La vicepresidenta primera y consellera de Servicios Sociales, Igualdad y Vivienda, Susana Camarero, ha destacado que la colaboración entre la Generalitat y las entidades del tercer sector es “esencial” para impulsar políticas de protección de la infancia y de acogimiento familiar.
Durante una reunión con representantes de la Plataforma de Organizaciones de Infancia, Camarero subrayó que la atención a los menores más vulnerables “es una prioridad absoluta para este Consell”, insistiendo en la importancia de trabajar junto a las entidades que “conocen de cerca la realidad de las familias y niños en situación de dificultad”.
Atención a menores afectados por la DANA
La reunión permitió abordar las actuaciones que la Plataforma desarrolla en los municipios afectados por la DANA del 29 de octubre, y avanzar en nuevas líneas de colaboración con la Generalitat.
La vicepresidenta valoró el ‘Proyecto dana’, una iniciativa que acompaña a familias y menores en zonas damnificadas, y recordó que la Generalitat ha desplegado un amplio dispositivo de apoyo social, con ayudas económicas directas, refuerzo de personal y formación específica en emergencias.
Entre las medidas impulsadas destacan los decretos de ayudas urgentes dirigidos a familias acogedoras, numerosas, monoparentales y vulnerables, además del refuerzo con 40 nuevos profesionales en servicios sociales y la formación de más de 400 trabajadores del ámbito social.
Camarero también destacó la coordinación con Save the Children, UNICEF, Cáritas, Cruz Roja y los colegios profesionales “para garantizar una respuesta eficaz ante cualquier situación que afecte a la infancia”.
Fomento del acogimiento familiar
La consellera explicó las acciones destinadas a que los niños y adolescentes tutelados crezcan en un entorno familiar y estable, destacando la elaboración de un plan de choque del acogimiento familiar con campañas de sensibilización y la modificación del Decreto 35/2021 para adaptarlo a las nuevas necesidades.
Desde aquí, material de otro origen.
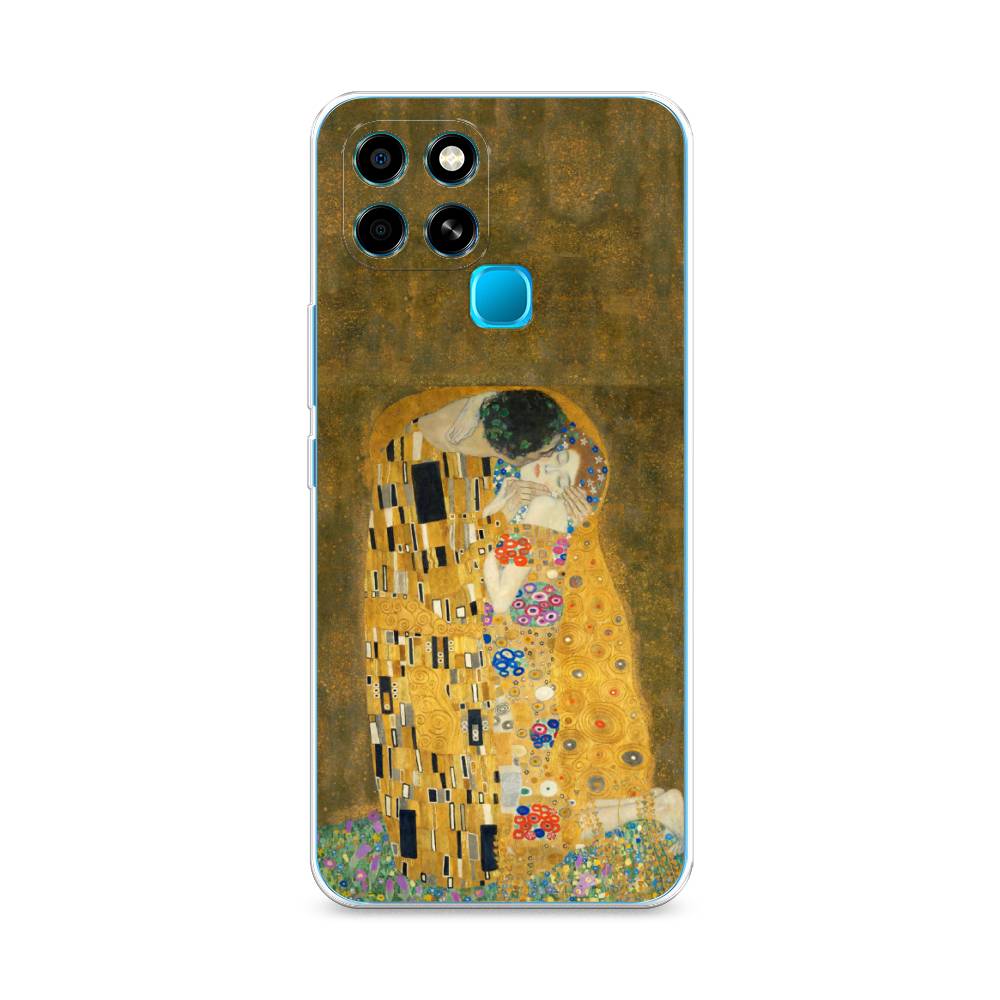 

Чехол Awog на Infinix Smart 6 "Поцелуй Гюстава Климта", Разноцветный, 3101050-9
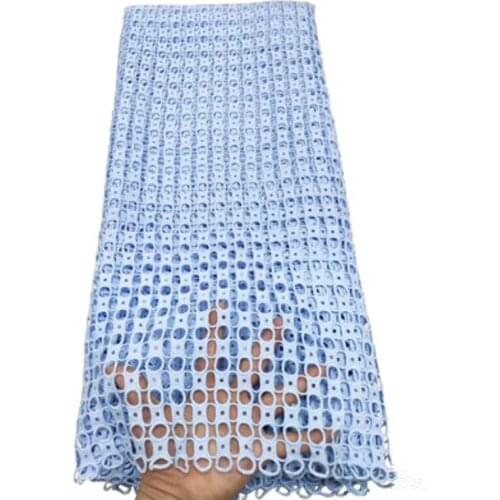 Hot Selling Guipure Lace Cord Lace Embroiderey French African Lace Fabric High Quality Nigeria Lace Fabric For Wedding 5yards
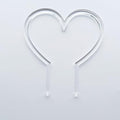CHENRUI Heart Shape Super Clear Acrylic Indoor Plant Trellis, Hoya Trellis, Houseplant Trellis, Plant Gift, Plant Support and Growth (6'' x 6.5'')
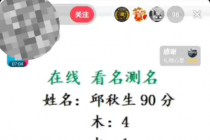 最新抖音爆火的名字测试打分无人直播项目，日赚几百+【打分脚本+详细教程】 - AI 智能探索网-AI 智能探索网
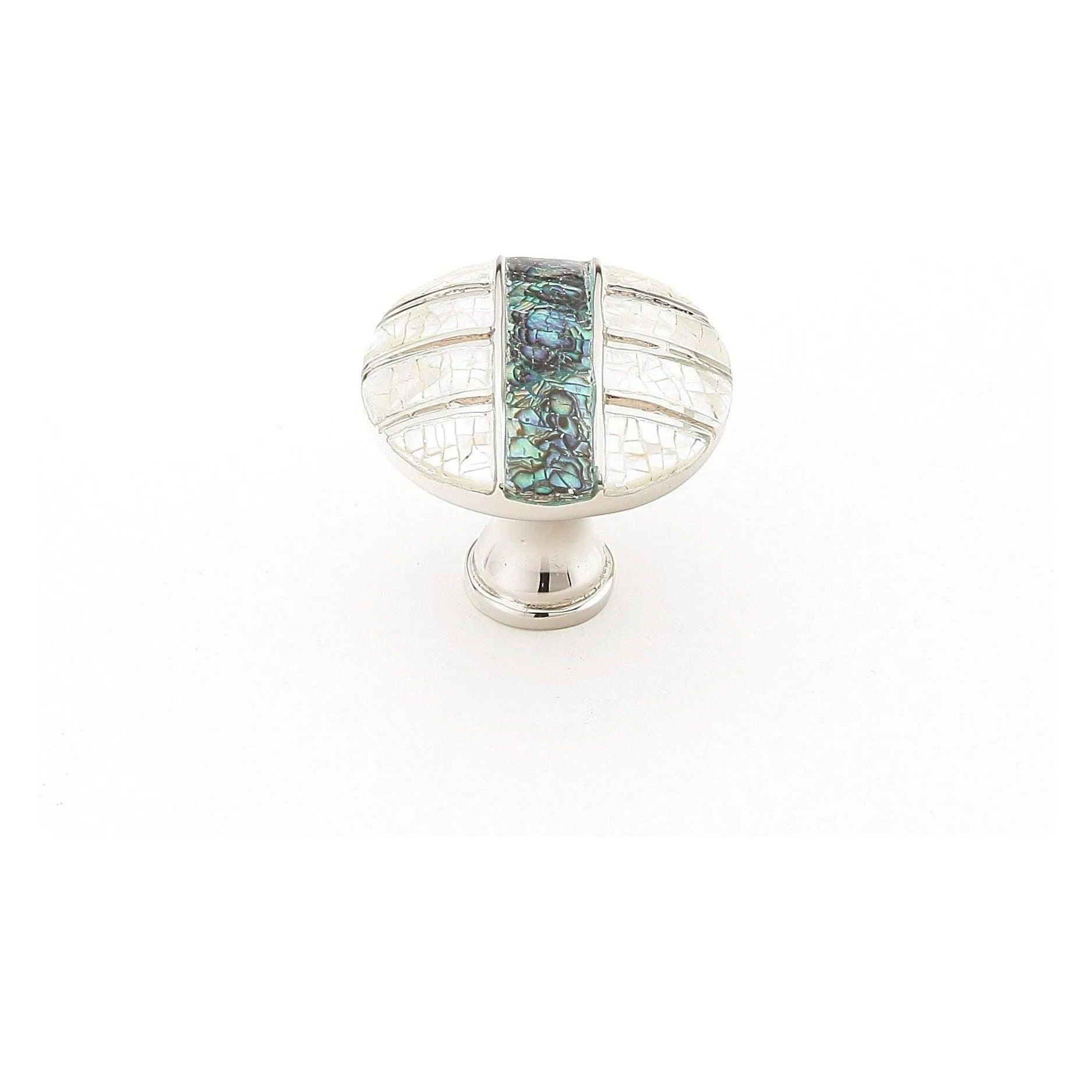 Schaub - Fair Isle Imperial Shell Round Knob - 653-PN - Canada Light Shop
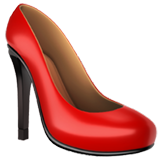 high-heeled shoe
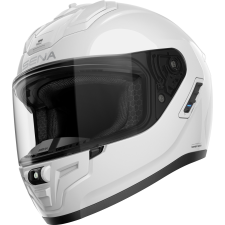 Sena zárt motorkerékpáros sisak Phantom headsettel fehér bukósisak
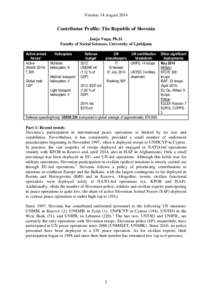 International security / Military operations other than war / Military of Slovenia / United Nations peacekeeping / United Nations Interim Force in Lebanon / Italian Armed Forces / NATO / International Security Assistance Force / Slovenia–United States relations / Military / International relations / Peacekeeping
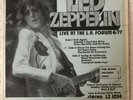 LED ZEPPELIN - FOR BADGE HOLDERS ONLY - LA FORUM June 23, 1977 - 2 LPs VINYL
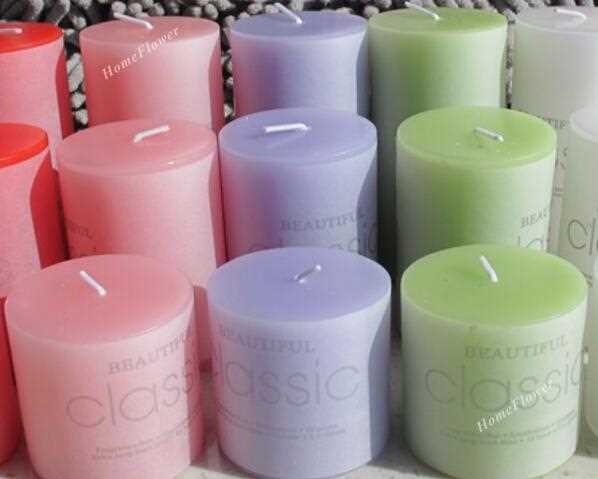 Christmas Pillar Religious Church Votive Candles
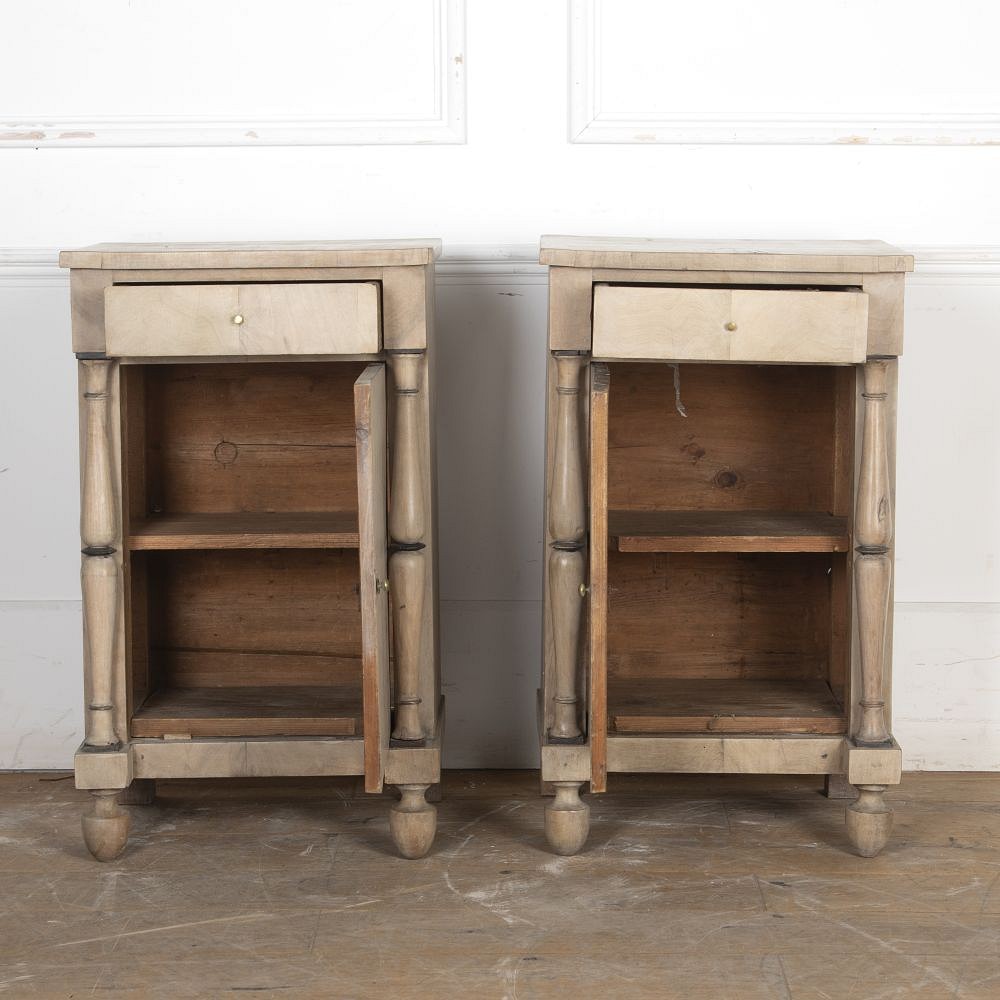 Pair of 19th Century Swedish Walnut Bedside Cabinets BD8124390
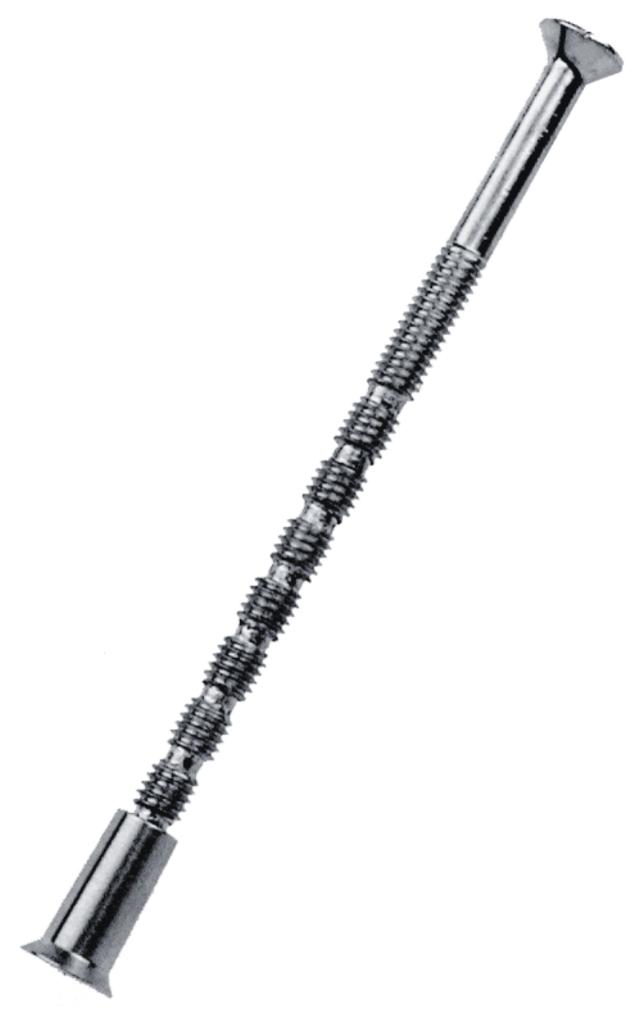 Ruko screw 931120 w/nut 4x75mm.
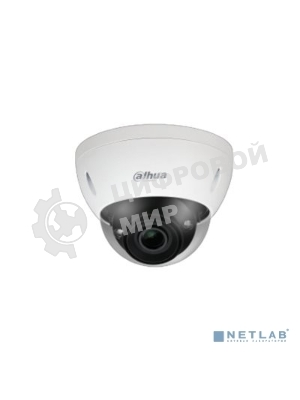 Уличная купольная IP-видеокамера Dahua с ИИ4Мп; 1/1.8” CMOS; моторизованный объектив 2.7~12мм; механический ИК-фильтр; WDR(140дБ); чувствительность 0.0007лк@F1.8; сжатие: H.265+, H.265, H.264+, H.264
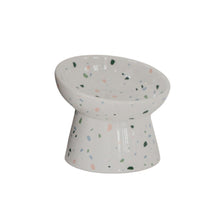 Charger l'image dans la galerie, Dexypaws Bol surélevé en céramique pour chat 8.8 oz - Terrazzo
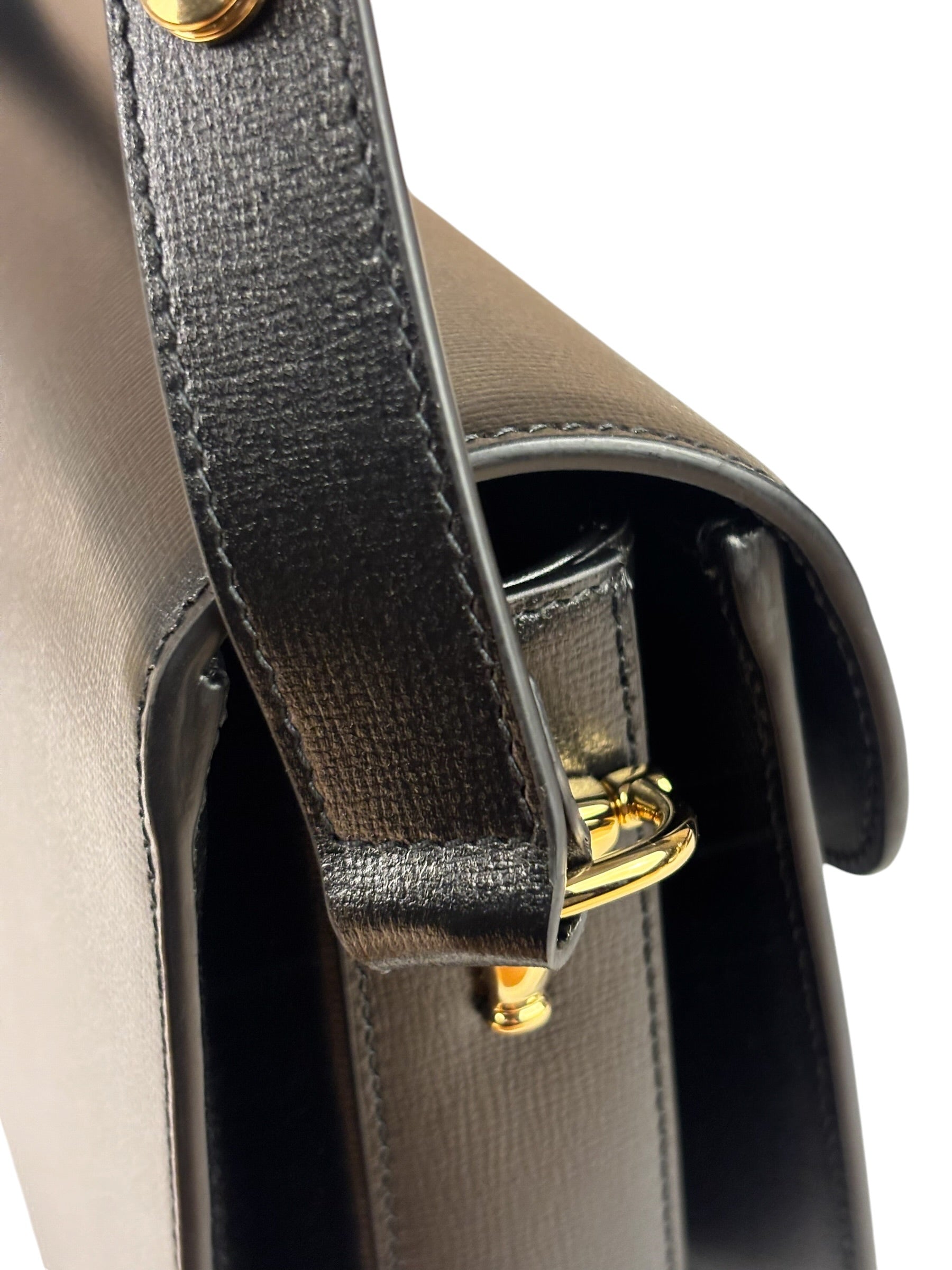 Gucci Black Leather Horsebit 1955 Shoulder Bag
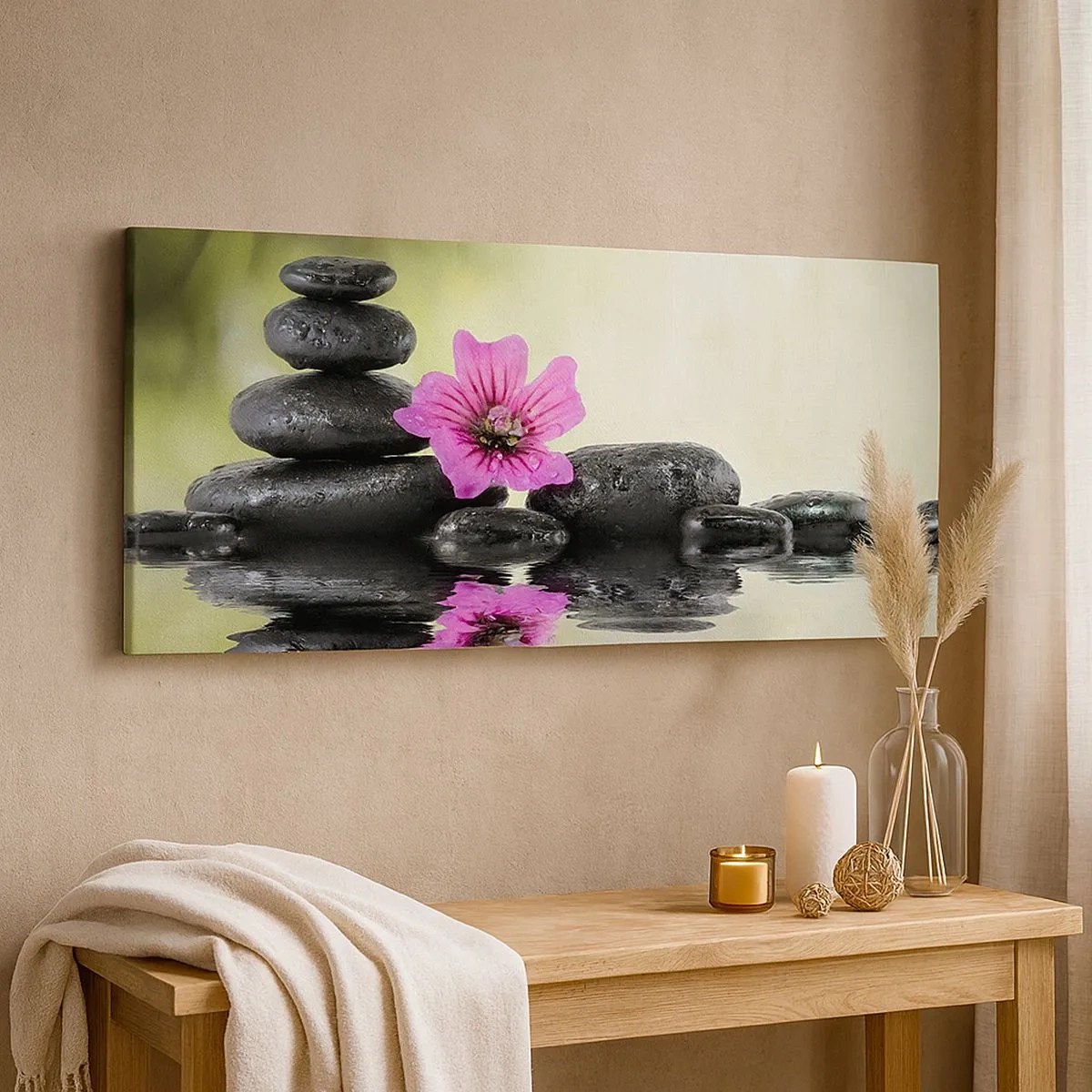 Cuadro sobre lienzo - Impresión de Imagen - Tiempo para el alma - 100x40 cm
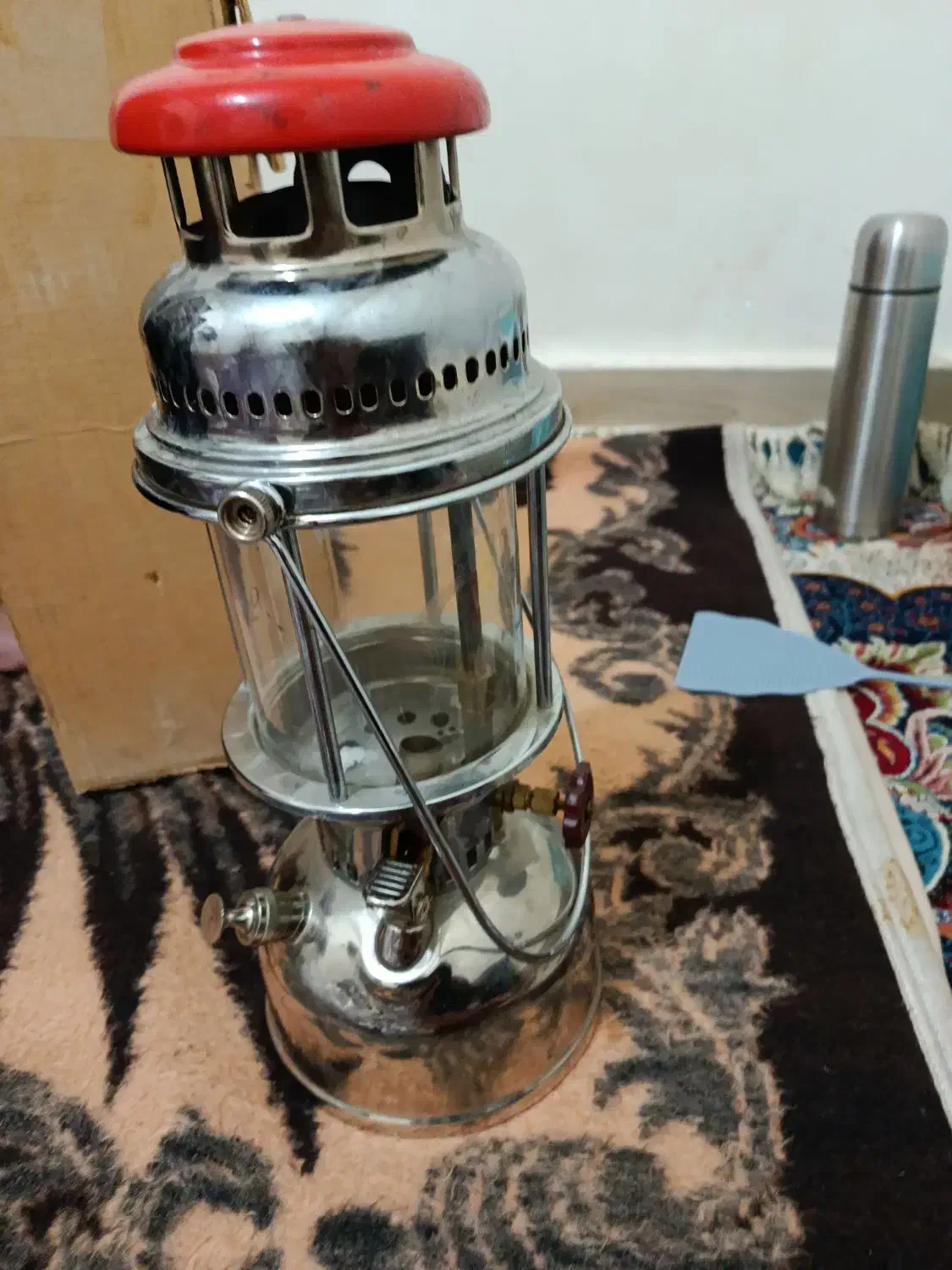 فروش چراغ تور نفتی سوید عتیقه|کلکسیون اشیاء عتیقه|بم, |دیوار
Asimismo, se trabaja en acelerar los procesos de valoración, mejorar la formación técnica del personal y crear un protocolo de transiciones familiares que priorice el interés superior del menor.
De forma paralela, se constituirán comisiones de desinstitucionalización que revisarán mensualmente los casos de menores en centros de recepción, con el objetivo de reducir su estancia y favorecer el acogimiento familiar o la adopción.
“Queremos que cada niño y niña crezca en un entorno familiar, estable y afectivo. Ese es el objetivo que guía todas nuestras políticas de infancia”, ha afirmado Camarero.